"The French lost the war on the Plains of Abraham. If Quebec tries to separate, we should send troops across the border."
My Grade 10 classmate sat down, smugly satisfied at her response during a mock parliament in history class.
I sat at the back of the class, stunned and horrified. Quebec separatism was a hot topic in 1977, but this was my first encounter with anti-French sentiment. Before I had time to stop myself, I leapt up in passionate defense of all the people living in Quebec, shocking my classmates and the teacher.
It was the first time I had opened my mouth since the beginning of the school year.
Before that moment, I'd been the quiet new girl. No one knew the big reason my family had moved from Montreal to Kitchener, Ont.
For me, that story traced back to October 5, 1970, when the Front de la libération du Québec (FLQ) kidnapped Pierre Laporte and James Cross. It was the culmination of a decade-long campaign of violence to spur Quebec sovereignty.
Before it was over, Laporte had been murdered, Prime Minister Pierre Trudeau had invoked the War Measures Act and scores of people were arrested and detained without warrants.
Several decades of debate about French-English relations and Quebec's place in Canada followed.
I was a child during the October Crisis, an Anglophone living in the West Island of Montreal, at a time when Hugh MacLennan's Two Solitudes was an everyday reality. There were separate French and English school boards and little interaction between French and English people.
But only an hour away in St. Eugène, Ont., where my mother was born, French and English co-existed peacefully. In this small farming community, just across the Ontario border with Quebec, most people mingled freely and spoke a reasonable facsimile of both languages.
How could things be so dramatically different? Why did the Francophones in Quebec feel so alienated?
I was a child during the October Crisis ... a time when Hugh MacLennan's Two Solitudes was an everyday reality.
The level of French discontent was brought home to my family when René Lévesque was elected premier of Quebec in 1976, bringing his goal of Quebec separation to the forefront of the Canadian political landscape.

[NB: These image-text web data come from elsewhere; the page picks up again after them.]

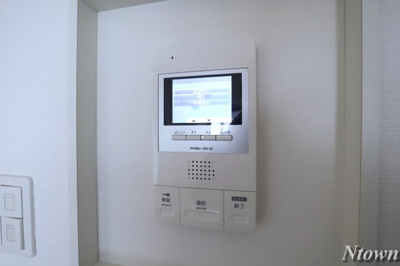 【セキュリティ】 | グランドガーデン | モニター付きインターホンです。
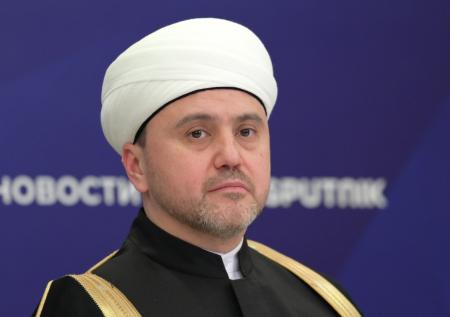 Муфтий призвал выделить помещения для молитвы в вузах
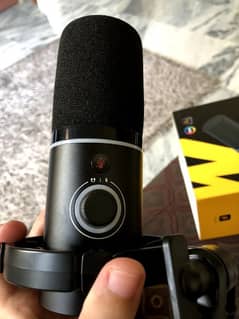 Maono  Mic for Sale (new)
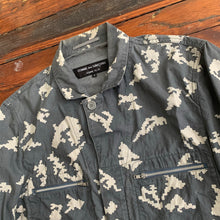 Load image into Gallery viewer, ss1995 CDGH+ Digi Camo Jacket - Size M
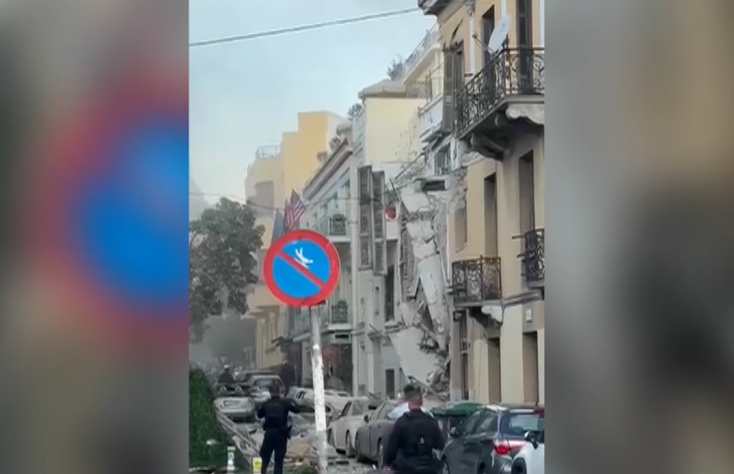 Οι πρώτες εικόνες από την κατάρρευση παλιού κτιριού στο κέντρο της Αθήνας μετά από έκρηξη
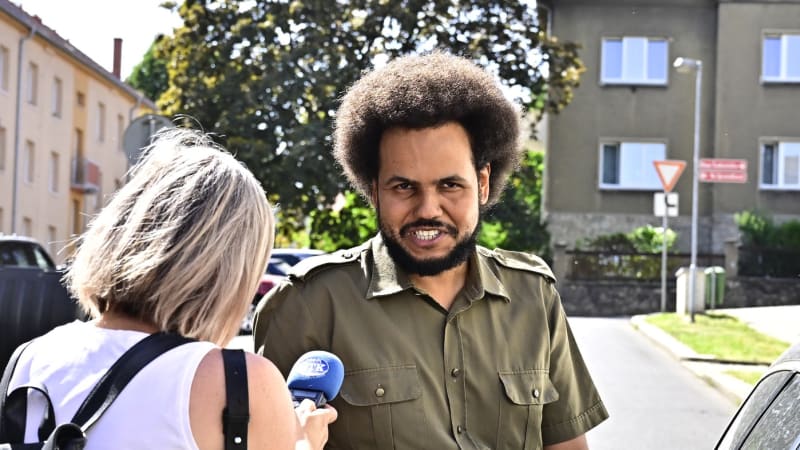 Feri je na svobodě. Soud rozhodl o podmíněném propuštění, exposlanec opustil věznici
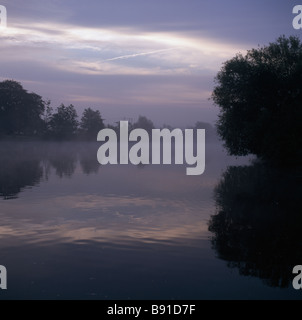 Tamise de Aston Oxfordshire tôt le matin, le brouillard. Banque D'Images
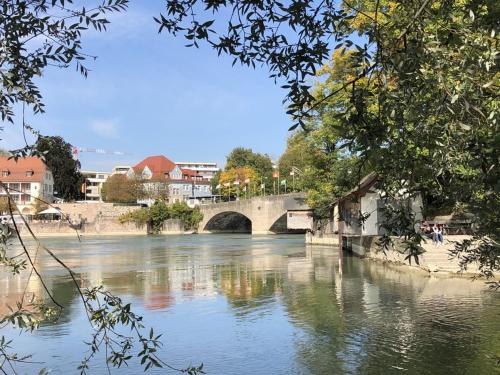 Appartement Dreiländereck, schöne Ferienwohnung mit großem Freisitz 7A Obere Dorfstraße Rheinfelden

My parents didn't speak French and, in 1977, we had joined the first frightened Anglophone exodus from Quebec and had moved to Ontario.
I wanted to know "why" this was all happening when I entered that Kitchener high school. The questions remained with me throughout university.
As I researched, I discovered that the Jean Lesage government, first elected in 1960, was responsible for a period of intense social change known as the Révolution Tranquille (the Quiet Revolution), including the first Ministry of Education.
The focus in curriculum shifted from the Catholic church-led liberal arts education — heavy in philosophy, arts and languages — to a focus on business, science and technology. The reforms put more young Francophones on the path to higher education and influence in English-dominated arenas. This was only the first of many changes that turned the focus in Quebec from English to French-first.
The more I learned about the history of Quebec Francophones, the more empathy I developed for their point of view. I began passionately explaining the history that led to the rise in nationalism.
Had I been a young Francophone in Quebec in the 1960s or 1970s, I might have been a sovereigntist. And while I remained firmly in the Quebec-should-stay-in-Canada camp, I was willing to consider the other point of view.
These days, I see talk of Quebec sovereignty largely replaced with concerns about other cultures and religions. New groups are told to "go back where they came from."
But the same fundamental intolerance and lack of understanding remain.
If only people would stop to consider the why — why would families risk their lives in open boats without life jackets?
A family from Syria arrived in Kitchener last year, and as they became more comfortable, they shared their story. Turns out, their town was levelled, everything they owned was gone.
They paid people who turned out to be criminals several thousand dollars — all their savings — to be transported to Greece. As the family was boarding the boat, their four-year-old son already aboard, the police arrived and the smugglers fled after launching the boat. The family watched helplessly as their child sailed away from them, alone amongst strangers.
They would spend the next several months in a desperate search for him. And that's just one part of their story.
If only people would stop to consider the why — why would families risk their lives in open boats without life jackets? Why would they leave everything behind and go to a country so different from their own?
The answers are everywhere, if you only look.
From the October Crisis then to the refugee crisis now, it's clear to me that we need to spend more time trying to understanding another person's circumstances. As any curious, sensitive child can tell you: this leads to more empathy, tolerance and acceptance.
For me, that was a lesson whose seed was planted in October 1970 and continues to resonate with me in 2017.